I am sure this story hits close to home for anyone running a tax practice. Talent is difficult to find. I searched Glassdoor for “tax manager,” finding 1,700 jobs with that exact title posted in the last month alone. Indeed has close to 2,500 listings for “tax manager” currently, and if you change the search to “tax preparer,” you end up with above 3,000 open positions. If you search just “tax” on Indeed, you end up with over 110,000 job positions. Well, if you are struggling to find talent, you are not alone.
How can we utilize creative resources to stack our team with talent?
- First of all, hire when you believe your team will be at 80% utilization based on a 40-hour week. This is a good rule of thumb to give you enough time to attract and hire the right candidates.

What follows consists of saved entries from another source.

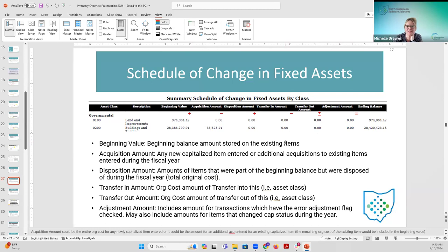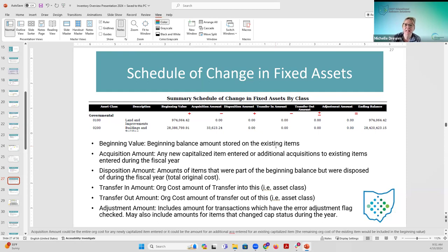There could still be some issues with balancing depreciation, which we'll get into when we talk about the schedule of change in depreciation. We're still occasionally seeing tickets regarding beginning and ending balances. Some of it is because districts migrated over but haven't done much with their inventory since, and are now comparing to Classic reports. Or maybe the district reopened a fiscal year, posted a bunch of capitalized assets, and closed it again — in which case balances won't match anymore because more changes were made.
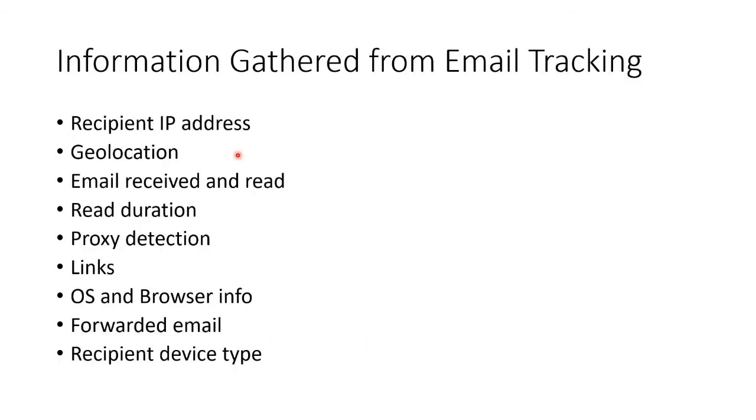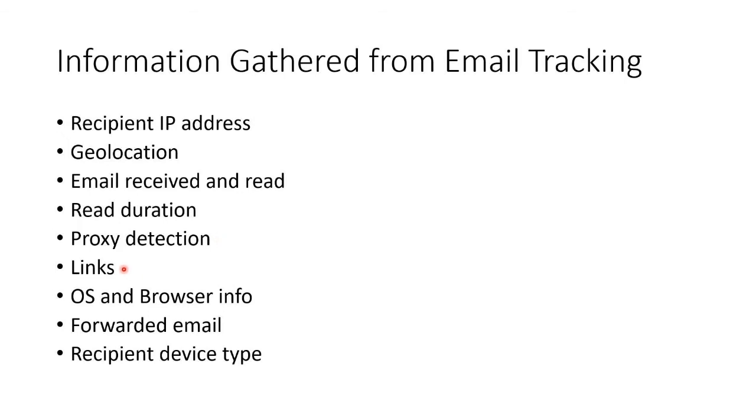We can do email tracking so we can get the recipient's IP address, their geolocation, if the email was received and read, how long it took them to read it, if there are any proxies involved, any links, any OS or browser information, any forwarded email, or any recipient device types.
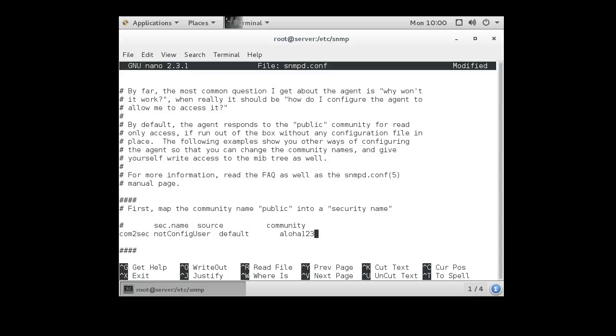You obviously want something a little more secure, but you got to remember that these things are going to be passed using UDP in plain text across the network. So you really can't secure it that well. You don't want to be some super secret password, just something that no one's going to be guessing.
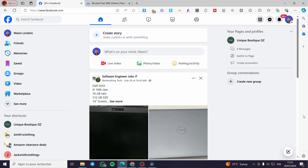How to connect WhatsApp to Meta Business Suite. Hello guys, and welcome to this new tutorial. Today I'm going to show you how you can connect your WhatsApp number or your WhatsApp account to your Meta Business Suite. It is very easy and very simple — all you have to do is follow the tutorial from the beginning till the end and you will be good to go.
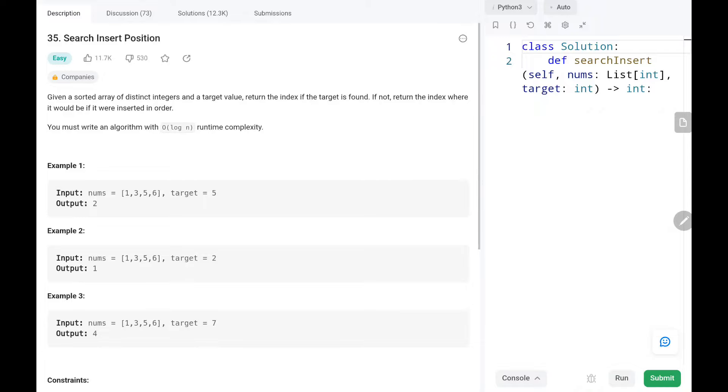Hey everyone, welcome to TechWide. In this video we are going to solve problem number 35, search insert position.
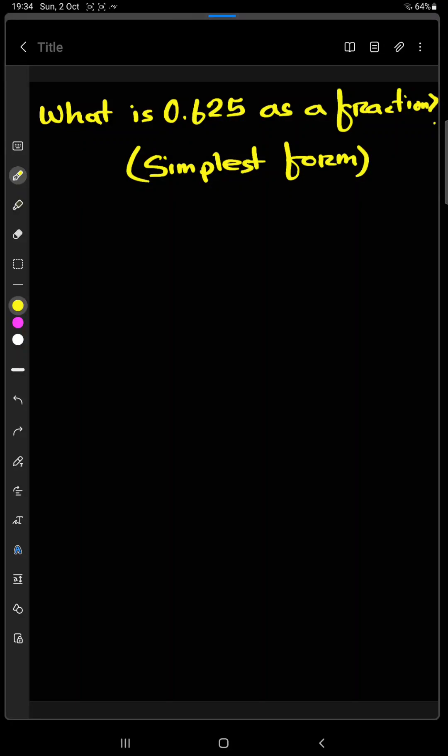Welcome to business learning school. Today we are going to find out what is 0.625 as a fraction. We will find out the simplest form.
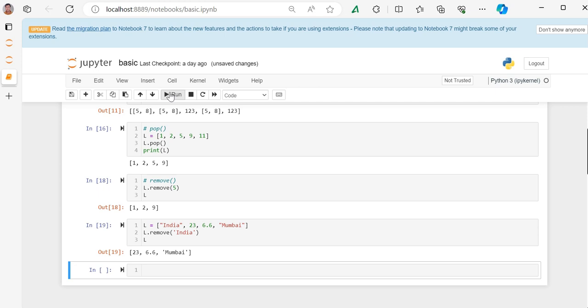I hope you got the video, the basic points in the list and basic functions. Please like and subscribe my channel if you didn't subscribe yet. Thank you for watching my video.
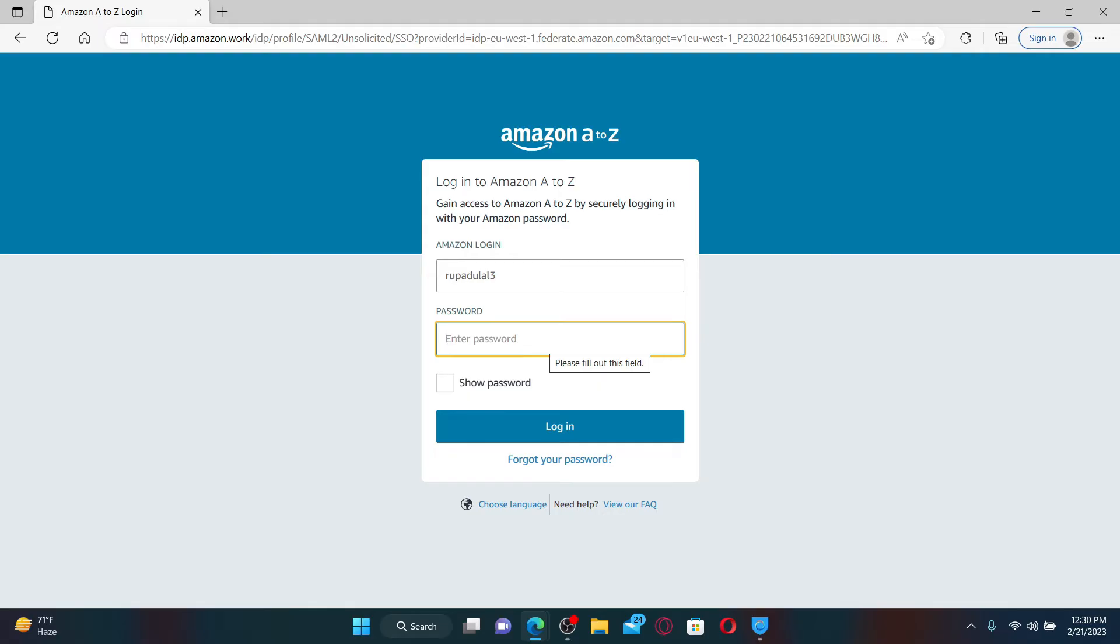Now it'll ask you to enter your password. Type in your correct password in the text box and you can click on the login button after you are done.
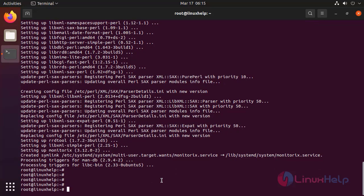After installation, now restart the Monitorix service.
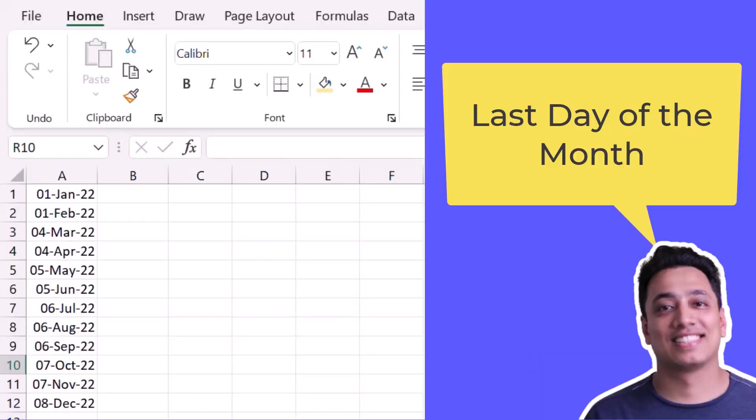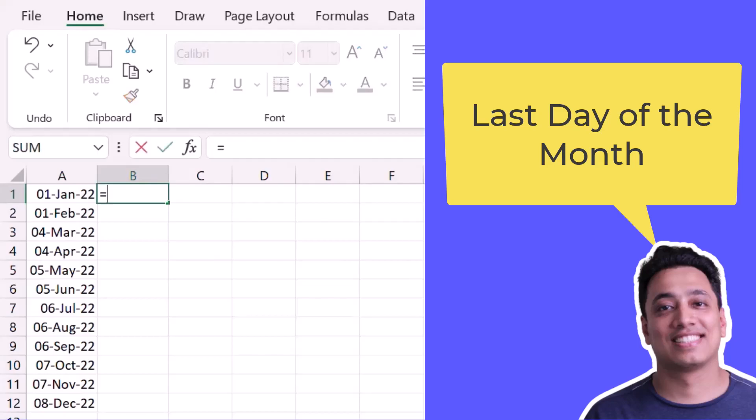So here I have a list of dates and I want to get the last date of each month. So if here I have 1st January, I want to get 31st January for the date.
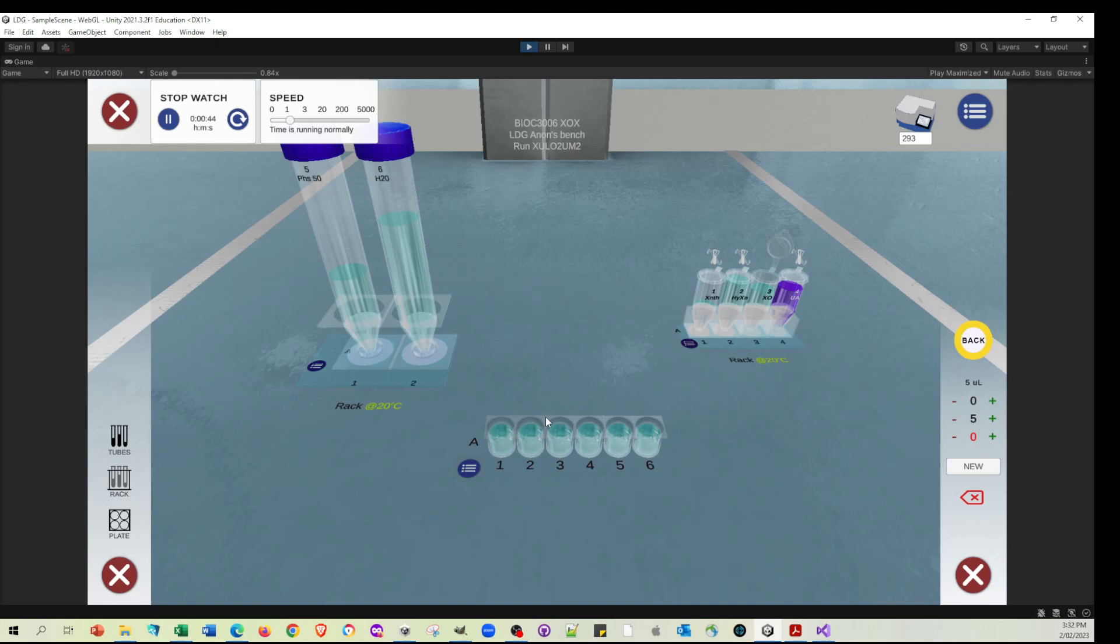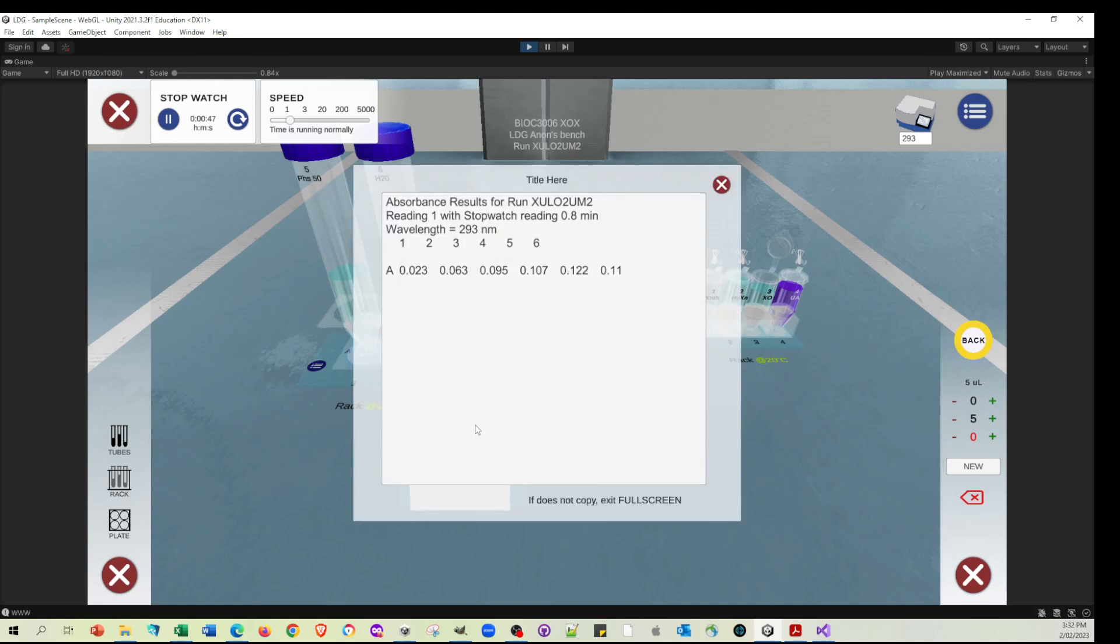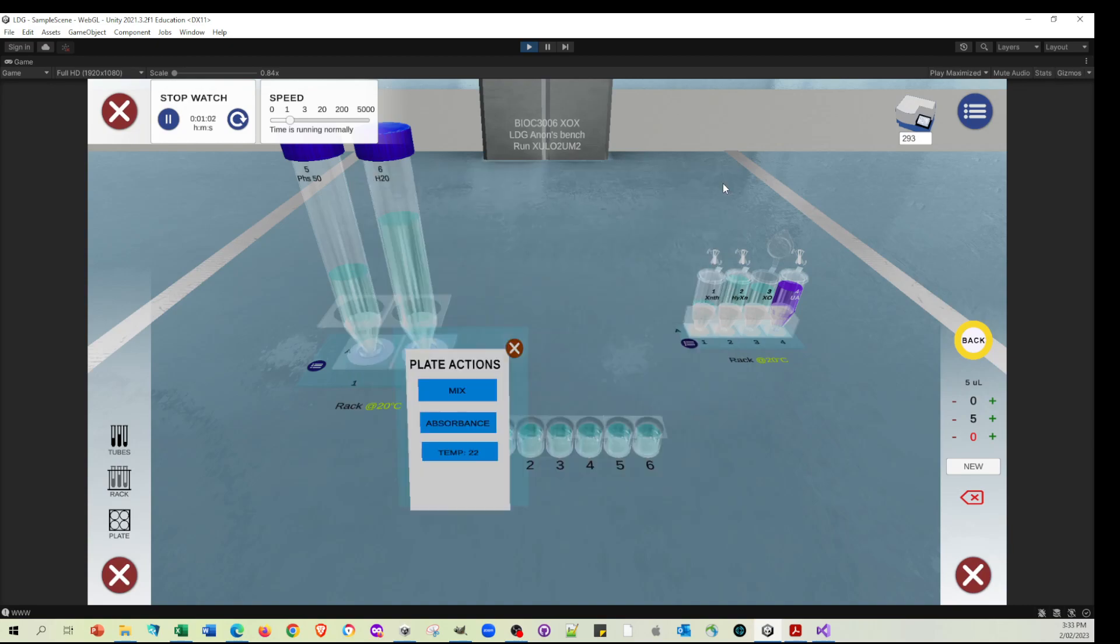Let's have a look at the absorbances. Let's see if anything's happening. Well, what we can see is that not a lot is happening. Everything seems to be... Oh, no, it is. Let's look at 0.63, 0.95, 107, 122. So, actually, let's do this again.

- Consider hiring remote workers. We have been working with remote talent for a few years very successfully. You need robust processes in place, controls on information, security on systems and tools, the ability to log in remotely, and great communication. The unspoken part of a remote workforce is the ability to confront difficult conversations. Many people are unwilling to put the same standards of work on their remote team as the ones in their office because it is harder. It is worth setting the right boundaries and having the difficult conversations to make it work.
- Contractors should be used as backfill. If you cannot find the right full-time hire, consider hiring contractors during season. We aim to recruit a few EA’s that have mostly retired to work 4-5 months a year. They are amazing tax preparers and it allows them to live the retired lifestyle they want, while still bringing in the revenue that they need.
- Find a few good interns. Make friends with the tax professor at the local community college and ask for their best students. Interns are very useful. They tend to be good with technology and willing to do anything you need. Interns can assist everyone from the administrative team with scanning, collating, delivering returns, and collecting signatures, to the production team with bookkeeping clean up, basic tax workpaper or form prep, and research. Please make sure to pay your interns – they are worth much more if you do.
- Retain the talent you have. Take care of your humans! If you do not know how, ask them. I guarantee someone on your team has great ideas to delight and inspire the rest of the team in affordable ways.
If you are worried about hiring someone and not having enough work for them, hire them anyways. If you have the right candidate, you will make it work. You cannot grow without great people on your team. Many tax professionals do too much themselves when they need to be focusing on strategically building the practice they want. Having good people allow for the freedom needed to build the practice of your dreams!